In Andrey Gogolev's answer the following two assertions appear:

"It is clear that $X$ is a non-empty . . . set" and "Now consider any maximal interval
$(c,e) \subset ((a,b) - X)$. Recall that $f$ is a polynomial of some degree $d$ on
$(c,e)$."

These are true, but perhaps not transparently obvious. In attempting to fill the gaps, I
developed a variation of the proof which requires neither the observation that $X$ has no
isolated points nor any argument about degrees of polynomials. Here is my adaptation,
borrowed freely from Gogolev:

I use the symbol "$\bot$" for "contradiction."

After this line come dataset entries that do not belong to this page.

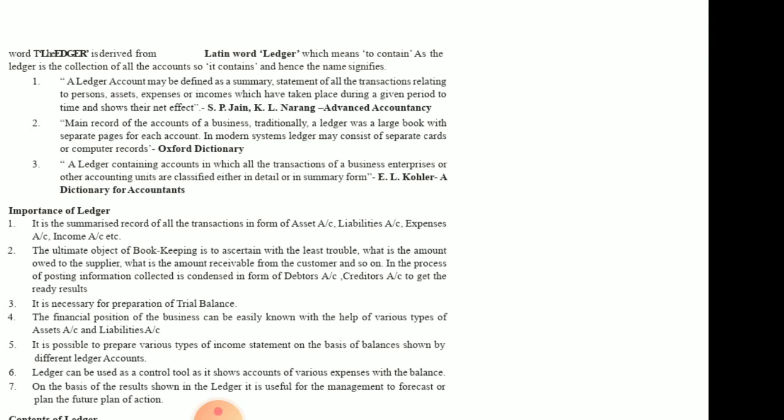According to A.E.L. Caller's Dictionary of Accountants, a ledger contains accounts in which all the transactions of the business enterprise or other accounting units are classified either in detail or in summary form. The ledger is very important because it is a summarized record of all transactions in the form of asset accounts, liability accounts, expense accounts, and income accounts. It helps ascertain the amount owed to suppliers, the amount receivable from customers, and gives the balance of all accounts.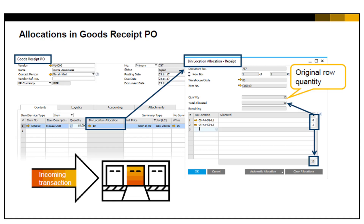Every inventory receiving document that involves a bin location managed warehouse requires allocation to specific bin locations. This allocation can be manual or automatic. The allocation is made by document row.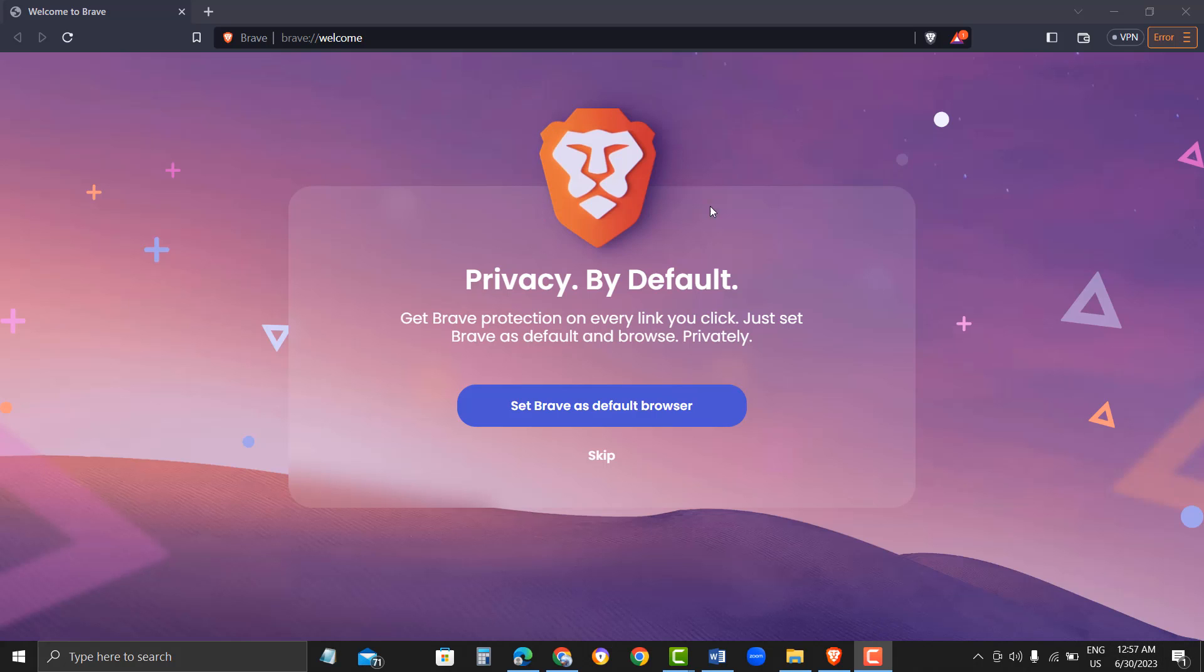Congratulations, you have successfully installed Brave Browser with Tor Plugin on your desktop. With this browser, you can browse the web with added privacy and security. Thank you for watching this tutorial, and we hope it was helpful.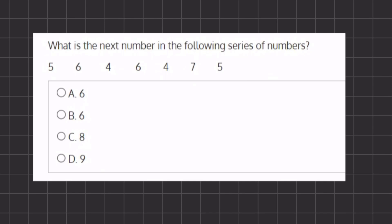In this problem we have a series of numbers and we want to know what the next number in our series will be. Let's take a look at our transitions. Moving from 5 to 6, we add 1. Moving from 6 to 4, we subtract 2. Moving from 4 to 6, we add 2. Moving from 6 to 4, we subtract 2. Moving from 4 to 7, we are adding 3.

Define $I = [0,1]$ and $X = \{x \in I: \forall (a,b) \ni x: f|_{(a,b) \cap I} \; is \;
not \; a \; polynomial\}$ .

We first establish the following:

Lemma: Suppose $[c,d] \subset I$ is an interval on which $f$ coincides with a polynomial
$p$. Then there exists a maximal subinterval $[cm,dm]$ having the properties $[c,d]
\subset [cm,dm] \subset I$ and $f = p$ on $[cm,dm]$. Furthermore, $cm \in X \cup \{0\}$
and $dm \in X \cup \{1\}$.

Proof: Let $cm$ = LUB $\{x: f(x) \neq p(x)\} \cup \{0\}$ and $dm$ = GLB $\{x: f(x)
\neq p(x)\} \cup \{1\}$. It is clear that $[cm,dm]$ is maximal. Supppose that $cm
\not \in X$ and $cm \neq 0$. Then we can find another interval $(u,v)$ with $cm \in (u,v)
\subset I$ on which $f$ coincides with a polynomial $q$. But on $[cm,v]$ we have $f = p =
q$, whence $f = p$ on $[u,dm]$. Since $u < cm$, we see that $[cm,dm]$ is not maximal
($\bot$). Therefore, $cm \in X$ or $cm = 0$. Likewise, $dm \in X$ or $dm = 1$.

Now we begin the proof-by-$\bot$ of the main result. Suppose that $f$ is not a polynomial
on $I$.

If $X = \emptyset$, we begin with any $[c,d]$, and the lemma tells us that $cm = 0$ and
$dm = 1$, so $f$ is a polynomial on $I$ ($\bot$). Thus, $X \neq \emptyset$. Now define
$S_n = \{x: f^{(n)}(x) = 0\}$. $X$ and $S_n$ are clearly closed. Applying the Baire
category theorem to the covering $\{X \cap S_n\}$ of the complete metric space $X$, we get
that there exists an interval $(a,b)$ such that $(a,b) \cap X \neq \emptyset$ and $(a,b)
\cap X \subset S_n$ for some $n$. (It is important here that $S_n$ is closed.)

Put $J = (a,b) \cap I$, and let $a1$ and $b1$ be the left and right end-points of $J$.
(Observe that it is possible that $a1 = 0$ or $b1 = 1$, so J may not be open.) If $J
\subset S_n$, then $f$ is a polynomial on $J$, whence $(a,b) \cap X = (a,b) \cap I \cap X
= J \cap X = \emptyset$ ($\bot$). Thus, we can choose a point $t \in J - S_n$. Now $t
\not \in X$, since $(a,b) \cap X \subset S_n$. Therefore, we can find an interval $(c,d)
\ni t$ such that $f$ coincides with a polynomial $p$ on $(c,d) \cap I$. Furthermore, $f =
p$ on the closure of $(c,d) \cap I$, which is an interval of the form $[c1,d1] \subset I$.
Apply the lemma to $[c1,d1]$ to obtain a maximal interval $[cm,dm]$ having the stated
properties. Since $t \not \in S_n$ and considering $p$, we see that $cm \not \in S_n$.
Suppose $cm > a1$. Then we have $a \le a1 < cm \le c1 \le t < b$, so $cm \in (a,b)$.
From the lemma, $cm \in X$, since $cm > a1 \ge 0$. Thus, $cm \in (a,b) \cap X \subset
S_n$ ($\bot$). Therefore, $cm \le a1$. Likewise, $dm \ge b1$. Thus, $f$ is a polynomial
on $J \subset [a1,b1] \subset [cm,dm]$, whence, as above, $(a,b) \cap X = \emptyset$
($\bot$). We are at last forced to conclude that $f$ must indeed be a polynomial on $I$.